Label the image using the new structuring element:

``````

In [ ]:

labeled_array, num_features = ndi.label(a, structure=s)

``````
``````

In [ ]:

print(num_features)

``````

Note that features 1, 3, and 4 from above are now considered a single feature

``````

In [ ]:

print(labeled_array)

``````

Let's use `ndi.label` to count up the stars in our B/W starfield image.

``````

In [ ]:

labeled_array, num_stars = ndi.label(~bwpic) #Count and label the complement

``````
``````

In [ ]:

print num_stars

``````
``````

In [ ]:

plt.imshow(labeled_array);

``````

Label returns an array the same shape as the input where each "unique feature has a unique value", so if you want the indices of the features you use a list comprehension to extract the exact feature indices.
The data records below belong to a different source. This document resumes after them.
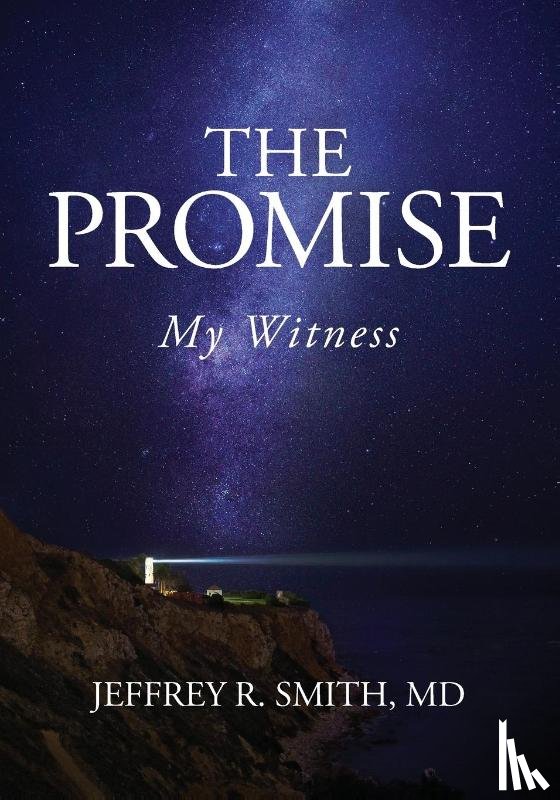 Smith, Jeffrey R - The Promise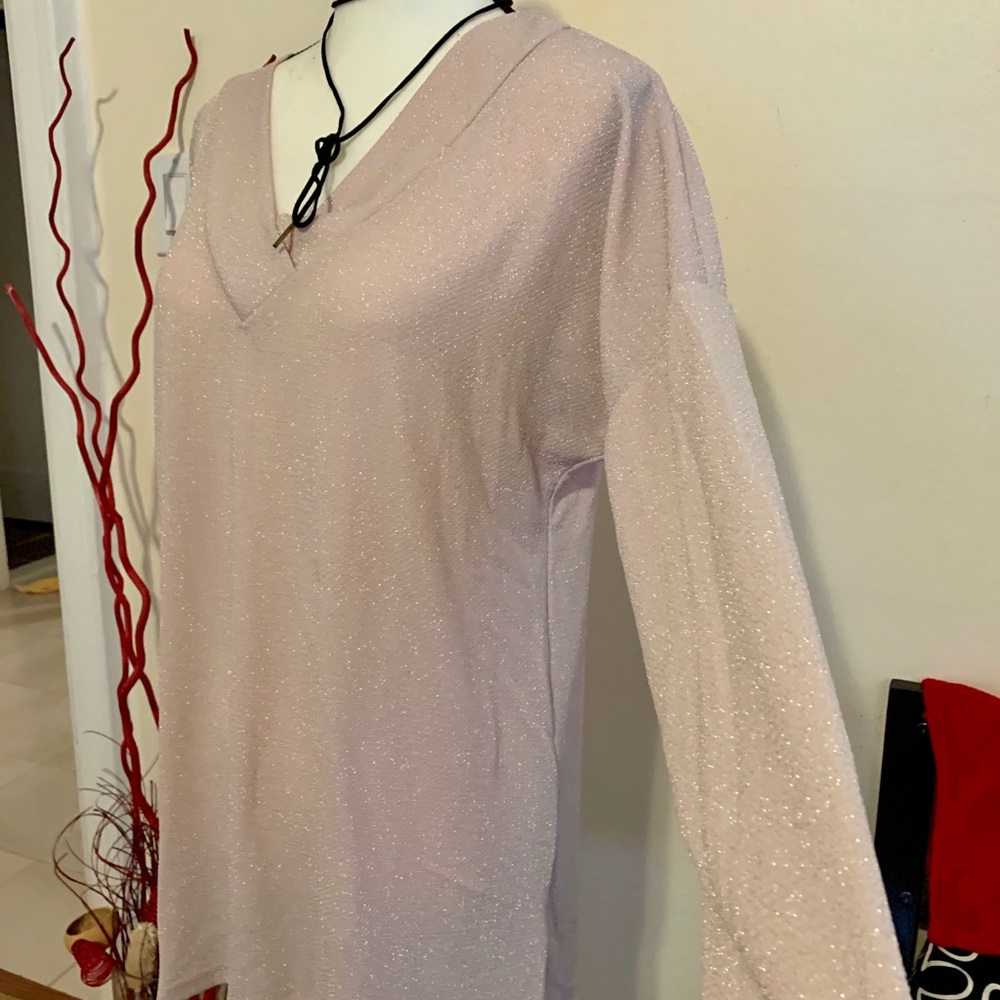 Tunic top 🌺 🌸 - Picture 5 of 7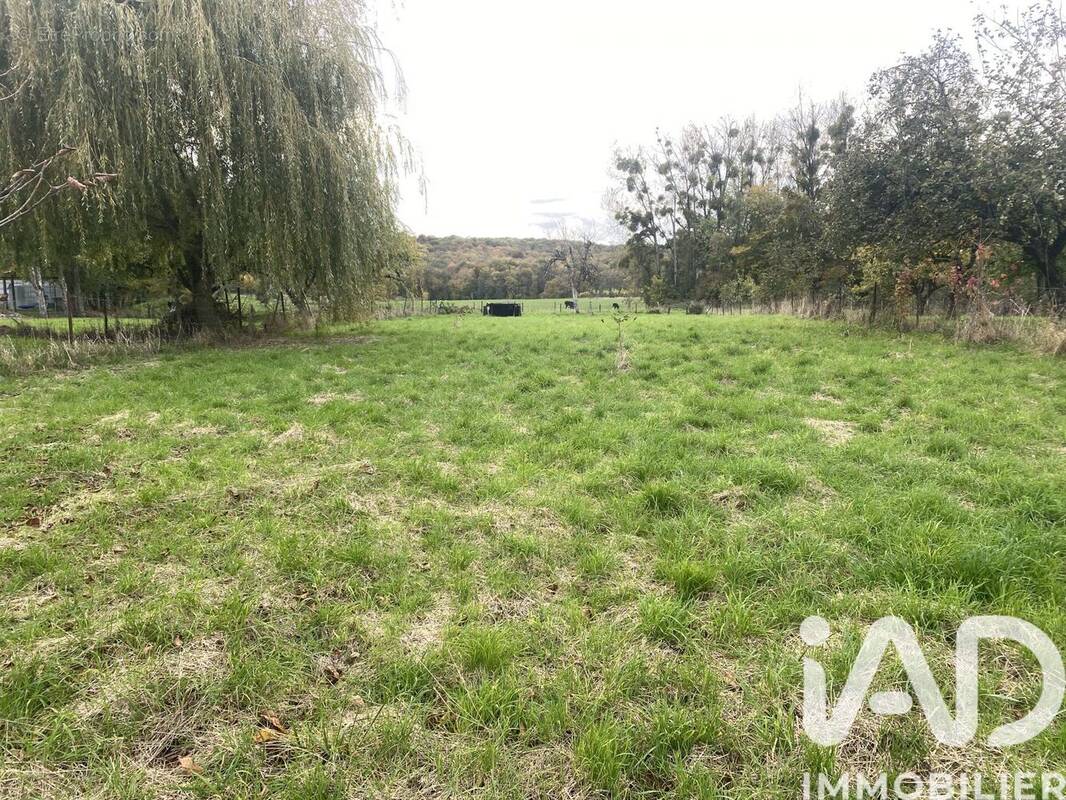 Photo 1 - Terrain à GRANDCHAMP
Something like:

`label_indices = [(labeled_array[:,:,0] == i).nonzero() for i in xrange(1, num_stars+1)]`

or use the `ndi.find_objects` method to obtain a tuple of feature locations as slices to obtain the general location of the star but not necessarily the correct shape.

``````

In [ ]:

locations = ndi.find_objects(labeled_array)
print locations

``````
``````

In [ ]:

label_indices = [(labeled_array[:,:,0] == i).nonzero() for i in xrange(1, num_stars+1)]
print label_indices

``````

Let's change the color of the largest star in the field to red. To find the largest star, look at the lengths of the arrays stored in `label_indices`.

``````

In [ ]:

star_sizes = [(label_indices[i-1]).size for i in xrange(1, num_stars+1)]
print len(star_sizes)

``````
``````

In [ ]:

biggest_star = np.where(star_sizes == np.max(star_sizes))
print biggest_star

``````
``````

In [ ]:

print star_sizes[biggest_star]

``````
``````

In [ ]:

bwpic[label_indices[biggest_star],label_indices[biggest_star],:] = (255,0,0)
plt.imshow(bwpic);

``````

## Exercises

For fun and practice, you can use these tricks to analyze the whole set of pictures listed at the top of this section. Suggested activities include:

• Find the brightest pixel within each star identified using the `scipy.ndimage.label` function
• Draw the image with different colors for identified stars of different brightnesses
• Use the `scipy.ndimage.center_of_mass` function to identify the "location" of each star in pixel coordinates.
• Use NumPy's I/O functions to write out a text file containing

• the link to the image
• the threshold value used in the conversion to monochrome
• the structuring element used to count its stars
• how many stars were found
• a description of the data in the subsequent columns
• a list of the star data organized in three columns and formatted for easy reading as follows:
• location (x,y in pixel units)
• maximum brightness value for the star

# Summary:

NumPy offers convenient and fast numerical data manipulation with a large body of support libraries. Use it with large datasets to very quickly slice through the information and extract meaningful results.

The advantage of using NumPy is all about moving loops into compiled code.

For more details and documentation, consult the SciPy lecture series or the NumPy/SciPy documentation.